Instructions for the task.
Set each line of the material below down word for word, from the first through the line that holds "Ok, the next", but not the pictures.

Data shown.

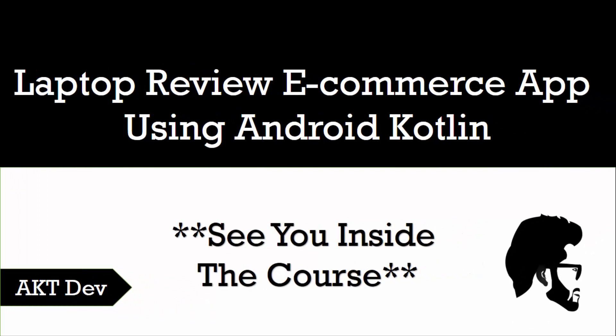So this was a complete overview of our ecommerce application. Hope you like this course and I am so excited to teach you about this course. All the best and let's see you inside the course.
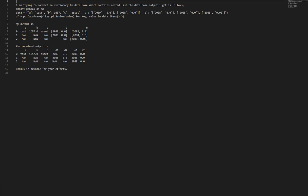My output is: columns a, b, c, d, e. Row 0: Test, 1657.0, Asset, 2089.0, 2088.0. Row 1: NaN NaN NaN, 2088.0, 2088.0. Row 2: NaN NaN NaN NaN, 2088.0, 2088.0.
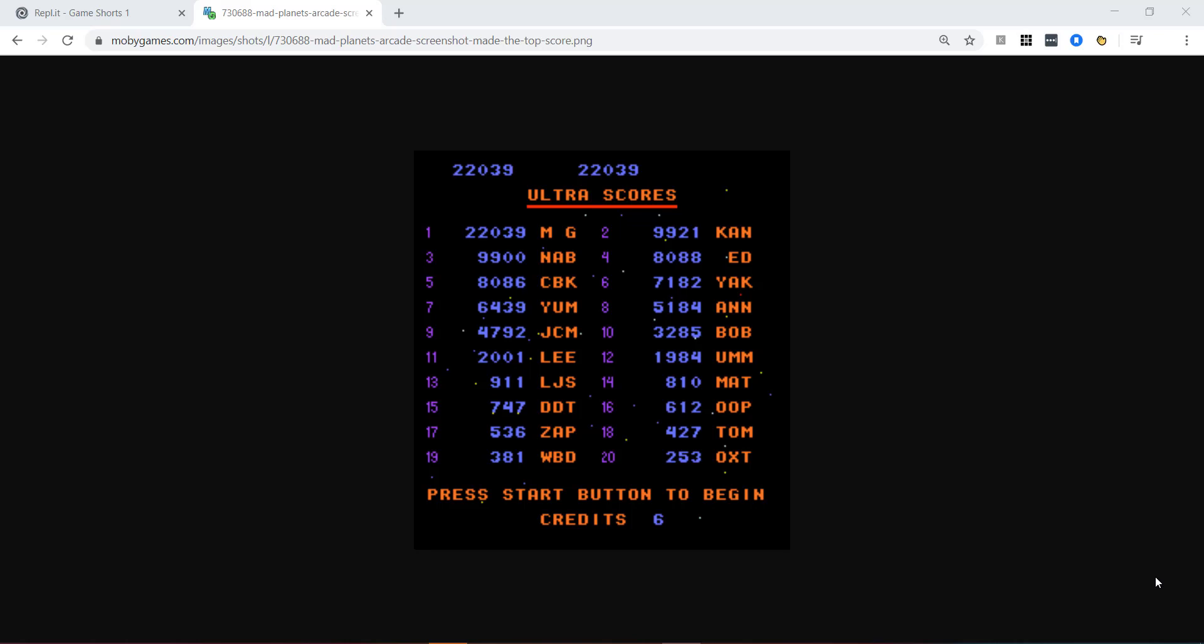Ok, the next few tips and tricks videos will be leading to us creating a top scores table. Just like this.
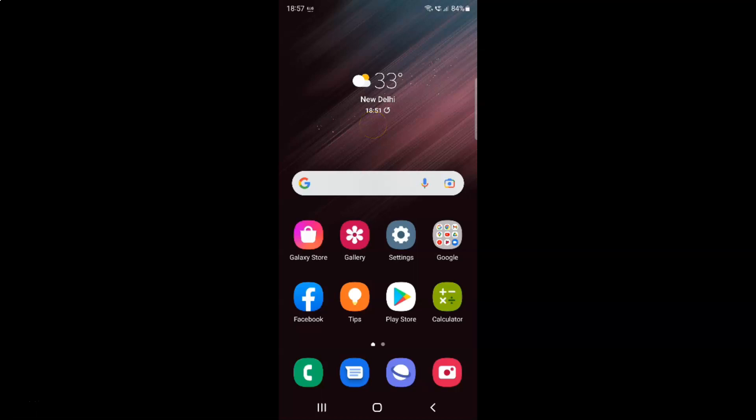Hi guys. In this video I will show you how to enable or disable auto update system on Samsung Galaxy S22 Ultra. So this is my Samsung Galaxy S22 Ultra device. So let us start.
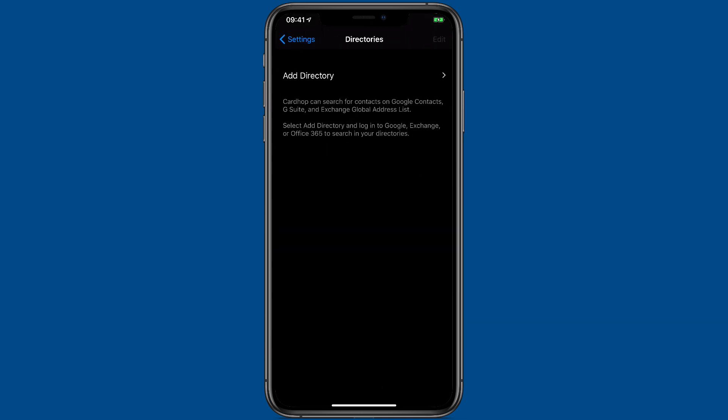With directories you can ask Cardhop to search for contacts on Google contacts, G Suite, or Exchange global address lists.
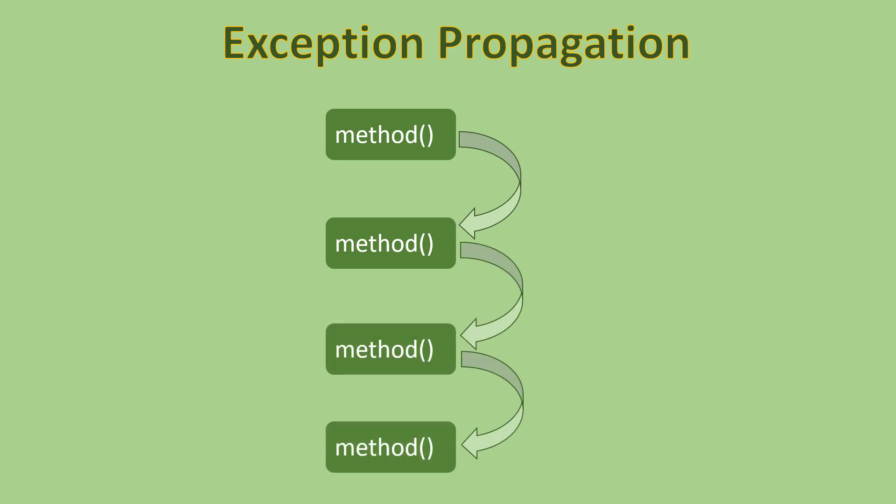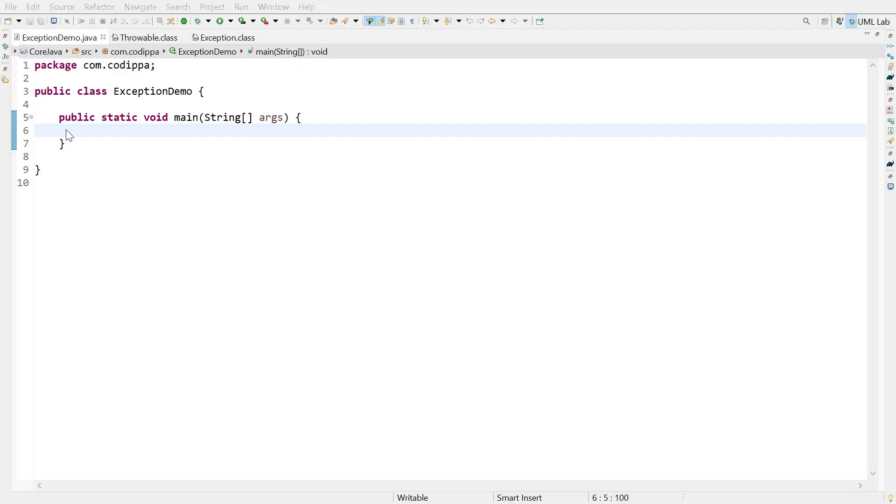If any method in this call chain raises an exception, then the exception is propagated upwards till it is handled. If the exception is not handled anywhere in this call chain, then it propagates till the main method or the starting point.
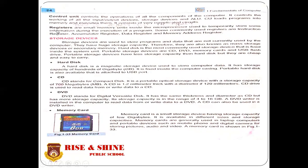The next part of the microprocessor is registers. Registers are small memory units inside the microprocessor used to temporarily store data during the execution of a program. There are many types of registers. Some commonly used registers are the instruction register, accumulator register, data register, and memory address register.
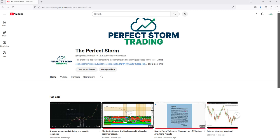Just a quick informational video on Perfect Storm, our products, and how you can contact us. There seems to be a little bit of confusion.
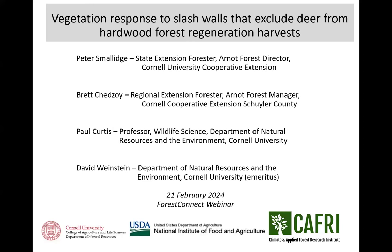Good afternoon everyone, I appreciate you being here. I have 157 people participating. My name is Peter Smallage, I'm the New York State Extension Forester, and I appreciate your spending some time with me today to talk about vegetation response inside slash walls. This is a topic that I've worked on with my partner Brett.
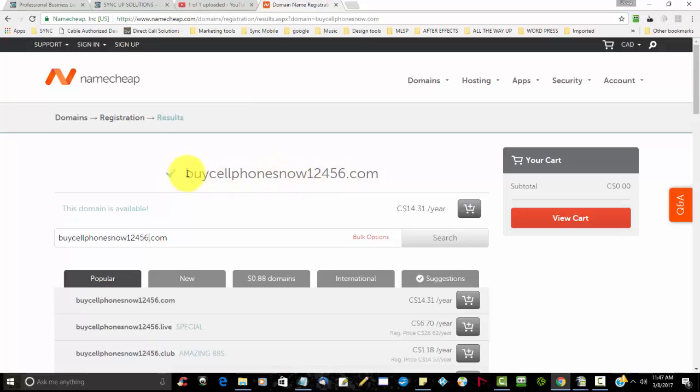Once you have this selected, you can simply click on add to cart.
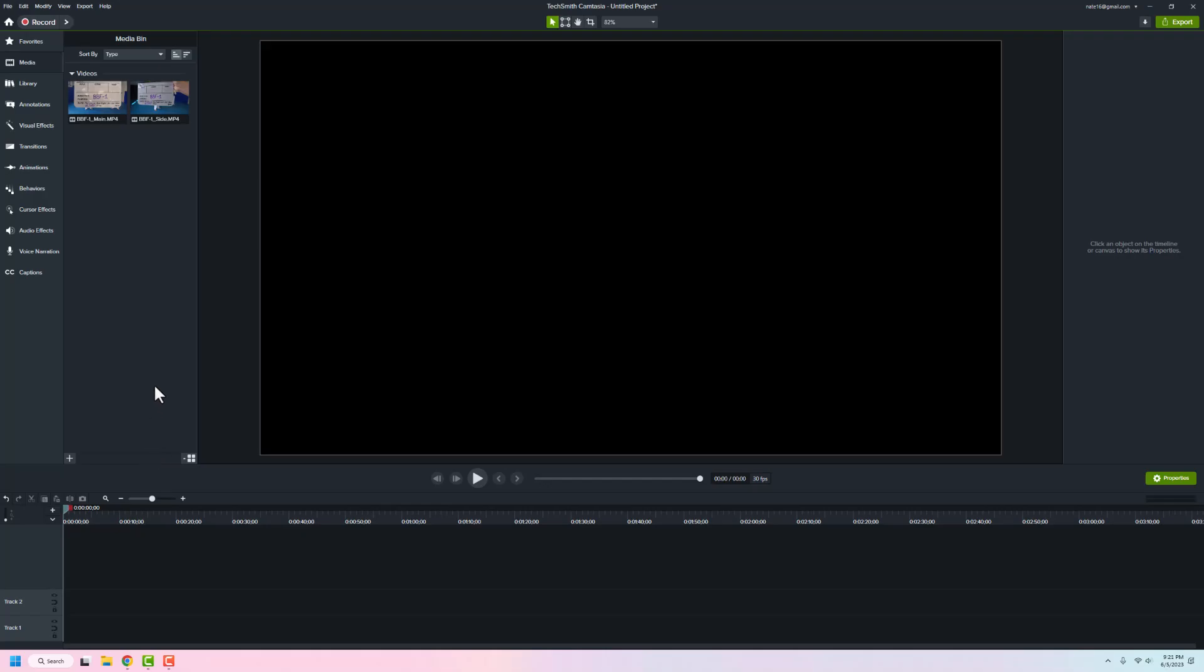Hey folks, in this quick tutorial we're going to go through and work on a multicam inside of Camtasia. Unfortunately, there's not a built-in syncing tool that can do multicam, but luckily it's not too bad.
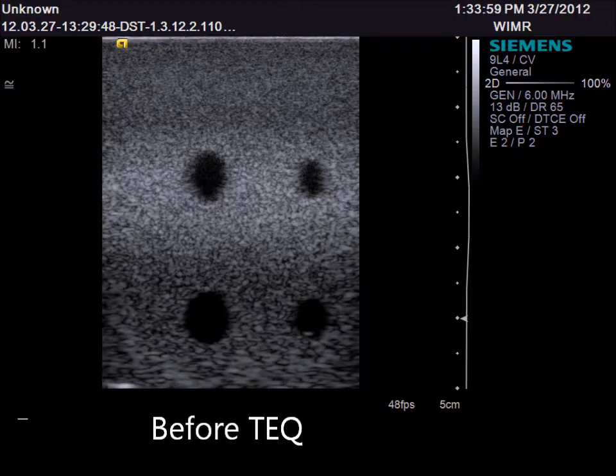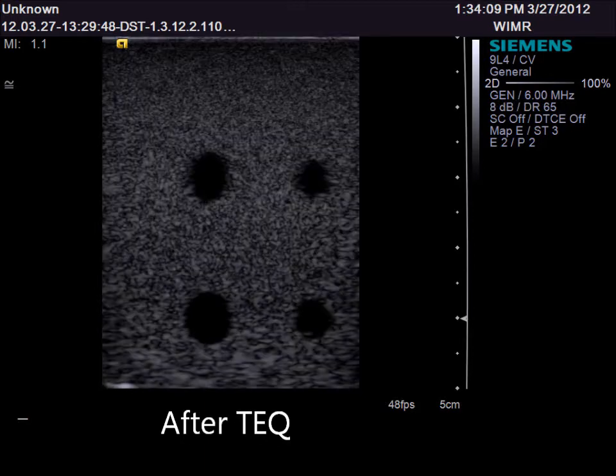Before TEQ, notice the grainy appearance of the structures in this phantom. After TEQ is applied, one can note a decrease in the overall gain, equalizing the weak and strong signals, creating a more crisp and clear appearance of the objects in the phantom.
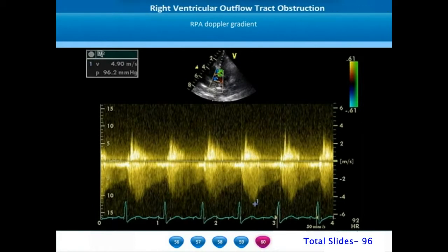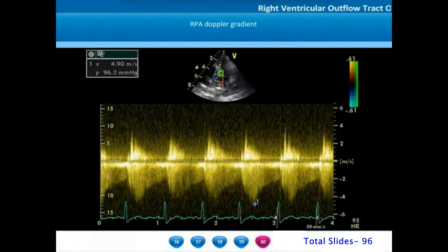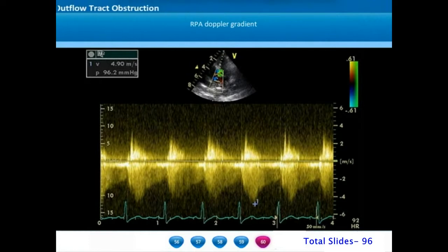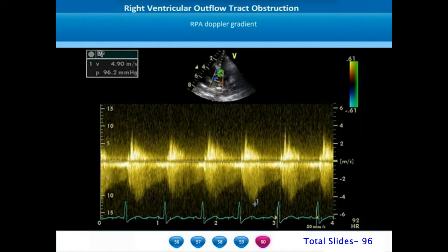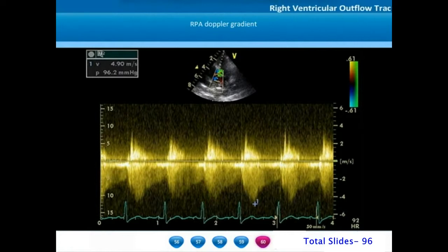On Doppler assessment of the right pulmonary artery gradient, we notice a peak systolic pressure of 96 mm of mercury. Whenever a patient with unilateral pulmonary artery stenosis has a gradient of more than 50 mm of mercury, it indicates that there is also a distal narrowing in the contralateral pulmonary artery. With unilateral pulmonary artery stenosis, there is complete redistribution of pulmonary blood flow into the other lung, so there will never be marked elevation of proximal main pulmonary artery and right ventricular systolic pressures. A gradient exceeding 50 mm of mercury is a clear indicator that pulmonary arteries on both sides are significantly narrowed.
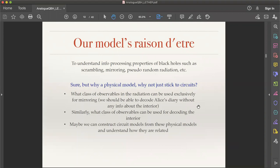In quantum information it's typical to construct explicit circuit models — for instance for an atom interacting with a laser, there are explicit constructions for unitary operators. Given some Hamiltonian or dynamics, one can in principle construct circuit models. I'm personally quite interested in building circuit models for black holes from physical models.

Response to the task.
So this was a complete overview of our ecommerce application. Hope you like this course and I am so excited to teach you about this course. All the best and let's see you inside the course.
My output is: columns a, b, c, d, e. Row 0: Test, 1657.0, Asset, 2089.0, 2088.0. Row 1: NaN NaN NaN, 2088.0, 2088.0. Row 2: NaN NaN NaN NaN, 2088.0, 2088.0.
Ok, the next few tips and tricks videos will be leading to us creating a top scores table. Just like this.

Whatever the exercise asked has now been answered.